WORK ITEM: Reproduce all of the data exactly.

LISTED RECORDS:
Start of Block

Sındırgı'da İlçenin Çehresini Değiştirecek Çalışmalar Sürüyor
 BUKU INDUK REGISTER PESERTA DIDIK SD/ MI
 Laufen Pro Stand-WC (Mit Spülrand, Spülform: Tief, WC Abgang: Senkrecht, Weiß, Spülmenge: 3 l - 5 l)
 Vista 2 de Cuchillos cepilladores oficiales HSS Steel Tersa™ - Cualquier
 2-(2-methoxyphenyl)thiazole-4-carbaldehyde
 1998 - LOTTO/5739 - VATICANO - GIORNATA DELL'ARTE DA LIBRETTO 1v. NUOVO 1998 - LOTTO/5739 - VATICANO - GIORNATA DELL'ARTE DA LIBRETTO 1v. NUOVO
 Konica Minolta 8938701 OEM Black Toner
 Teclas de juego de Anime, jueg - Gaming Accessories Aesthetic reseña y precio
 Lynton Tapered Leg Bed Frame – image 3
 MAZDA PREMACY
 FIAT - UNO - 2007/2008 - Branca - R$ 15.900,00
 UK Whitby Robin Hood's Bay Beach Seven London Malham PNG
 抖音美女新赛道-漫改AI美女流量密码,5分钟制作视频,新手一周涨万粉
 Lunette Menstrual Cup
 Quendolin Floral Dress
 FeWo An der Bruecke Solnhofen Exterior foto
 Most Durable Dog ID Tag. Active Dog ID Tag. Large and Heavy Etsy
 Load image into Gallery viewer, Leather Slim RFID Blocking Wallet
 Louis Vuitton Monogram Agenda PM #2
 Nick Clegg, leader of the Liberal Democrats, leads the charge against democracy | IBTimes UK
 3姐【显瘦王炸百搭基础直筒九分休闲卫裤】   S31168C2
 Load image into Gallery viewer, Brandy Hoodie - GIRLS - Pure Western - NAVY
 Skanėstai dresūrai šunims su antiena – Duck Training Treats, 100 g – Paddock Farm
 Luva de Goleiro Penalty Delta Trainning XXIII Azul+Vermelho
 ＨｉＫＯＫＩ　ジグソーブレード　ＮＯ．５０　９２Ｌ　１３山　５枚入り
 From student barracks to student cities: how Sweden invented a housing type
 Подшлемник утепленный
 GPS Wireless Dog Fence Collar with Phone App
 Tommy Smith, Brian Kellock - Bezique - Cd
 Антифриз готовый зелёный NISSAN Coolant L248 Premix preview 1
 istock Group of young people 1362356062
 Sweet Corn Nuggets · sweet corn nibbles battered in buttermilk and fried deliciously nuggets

End of Block

COMPLETED EXERCISE:
Sındırgı'da İlçenin Çehresini Değiştirecek Çalışmalar Sürüyor
 BUKU INDUK REGISTER PESERTA DIDIK SD/ MI
 Laufen Pro Stand-WC (Mit Spülrand, Spülform: Tief, WC Abgang: Senkrecht, Weiß, Spülmenge: 3 l - 5 l)
 Vista 2 de Cuchillos cepilladores oficiales HSS Steel Tersa™ - Cualquier
 2-(2-methoxyphenyl)thiazole-4-carbaldehyde
 1998 - LOTTO/5739 - VATICANO - GIORNATA DELL'ARTE DA LIBRETTO 1v. NUOVO 1998 - LOTTO/5739 - VATICANO - GIORNATA DELL'ARTE DA LIBRETTO 1v. NUOVO
 Konica Minolta 8938701 OEM Black Toner
 Teclas de juego de Anime, jueg - Gaming Accessories Aesthetic reseña y precio
 Lynton Tapered Leg Bed Frame – image 3
 MAZDA PREMACY
 FIAT - UNO - 2007/2008 - Branca - R$ 15.900,00
 UK Whitby Robin Hood's Bay Beach Seven London Malham PNG
 抖音美女新赛道-漫改AI美女流量密码,5分钟制作视频,新手一周涨万粉
 Lunette Menstrual Cup
 Quendolin Floral Dress
 FeWo An der Bruecke Solnhofen Exterior foto
 Most Durable Dog ID Tag. Active Dog ID Tag. Large and Heavy Etsy
 Load image into Gallery viewer, Leather Slim RFID Blocking Wallet
 Louis Vuitton Monogram Agenda PM #2
 Nick Clegg, leader of the Liberal Democrats, leads the charge against democracy | IBTimes UK
 3姐【显瘦王炸百搭基础直筒九分休闲卫裤】   S31168C2
 Load image into Gallery viewer, Brandy Hoodie - GIRLS - Pure Western - NAVY
 Skanėstai dresūrai šunims su antiena – Duck Training Treats, 100 g – Paddock Farm
 Luva de Goleiro Penalty Delta Trainning XXIII Azul+Vermelho
 ＨｉＫＯＫＩ　ジグソーブレード　ＮＯ．５０　９２Ｌ　１３山　５枚入り
 From student barracks to student cities: how Sweden invented a housing type
 Подшлемник утепленный
 GPS Wireless Dog Fence Collar with Phone App
 Tommy Smith, Brian Kellock - Bezique - Cd
 Антифриз готовый зелёный NISSAN Coolant L248 Premix preview 1
 istock Group of young people 1362356062
 Sweet Corn Nuggets · sweet corn nibbles battered in buttermilk and fried deliciously nuggets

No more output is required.